US House condemns Trump
WASHINGTON — In a remarkable political repudiation, the Democratic-led US House voted on Tuesday night to condemn President Donald Trump’s “racist comments” against four congresswomen of colour, despite protestations by Mr Trump’s Republican congressional allies and his own insistence he hasn’t “a racist bone in my body.”
Two days after Mr Trump tweeted that four Democratic freshmen should “go back” to their home countries — though all are citizens and three were born in the US — Democrats muscled the resolution through the chamber by 240-187 over near-solid GOP opposition. The rebuke was an embarrassing one for Mr Trump even though it carries no legal repercussions, but if anything his latest harangues should help him with his diehard conservative base.
Despite a lobbying effort by Mr Trump and party leaders for a unified GOP front, four Republicans voted to condemn his remarks: moderate Reps. Brian Fitzpatrick of Pennsylvania, Fred Upton of Michigan, Will Hurd of Texas and Susan Brooks of Indiana, who is retiring.
Also backing the measure was Michigan’s independent Rep. Justin Amash, who left the GOP this month after becoming the party’s sole member of Congress to back a Mr Trump impeachment inquiry.
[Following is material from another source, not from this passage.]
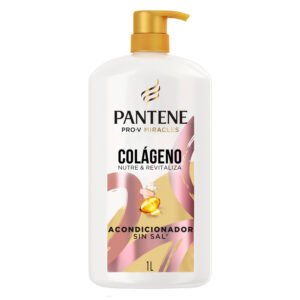 Acondicionador Pantene Pro-V Nutre y Revitaliza 1 L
Democrats saved one of the day’s most passionate moments until near the end. “I know racism when I see it,” said Rep. John Lewis of Georgia, whose skull was fractured at the 1965 “Bloody Sunday” civil rights march in Selma, Alabama. “At the highest level of government, there’s no room for racism.”
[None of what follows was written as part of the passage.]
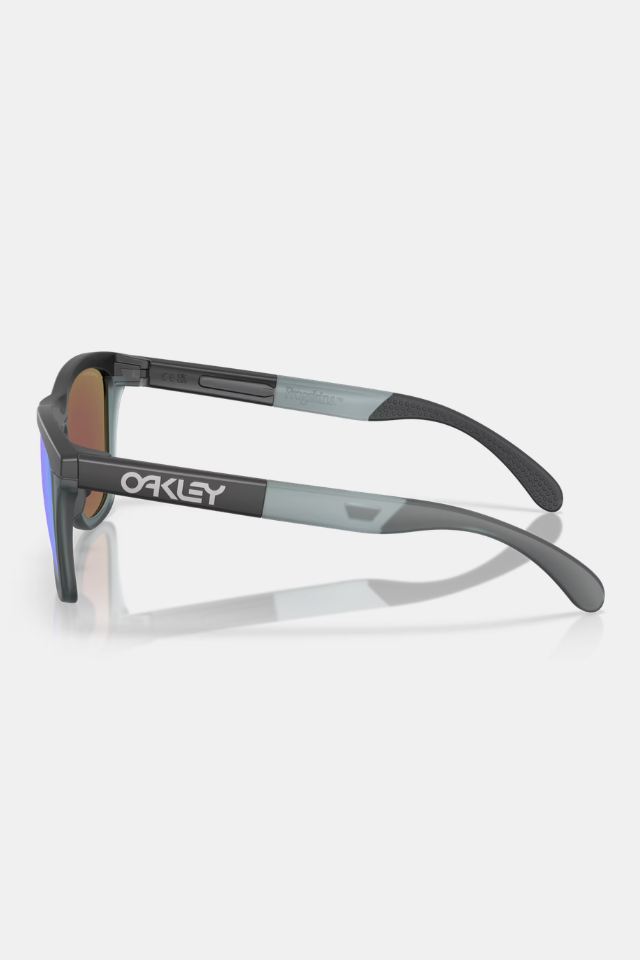Oakley Frogskins Range Matte/Black / Prizm Sapphire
Before the showdown roll call, Mr Trump characteristically plunged forward with time-tested insults. He accused his four outspoken critics of “spewing some of the most vile, hateful and disgusting things ever said by a politician” and added, “If
you hate our country, or if you are not happy here, you can leave!” — echoing taunts long unleashed against political dissidents rather than opposing parties’ lawmakers.
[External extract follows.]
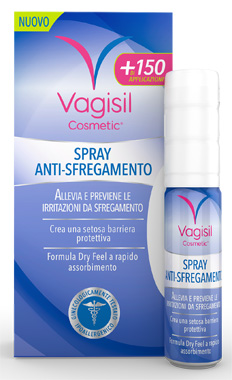 VAGISIL ANTI-SFREGAMENTO SPRAY 30 ML - Farmacia Dott. Pasquale Russo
The president was joined by House Minority leader Kevin McCarthy of California and other top Republicans in trying to redirect the focus from Mr Trump’s original tweets, which for three days have consumed Washington and drawn widespread condemnation. Instead, they tried playing offence by accusing the four congresswomen — among the Democrats’ most left-leaning members and ardent Mr Trump critics — of socialism, an accusation that’s already a central theme of the GOP’s 2020 presidential and congressional campaigns.
Even after two and a half years of Mr Trump’s turbulent governing style, the spectacle of a president futilely labouring to head off a House vote essentially proclaiming him to be a racist was extraordinary.
Underscoring the stakes, Republicans formally objected after Speaker Nancy Pelosi of California said during a floor speech that Mr Trump’s tweets were “racist.” Led by Rep. Doug Collins of Georgia, Republicans moved to have her words stricken from the record, a rare procedural rebuke.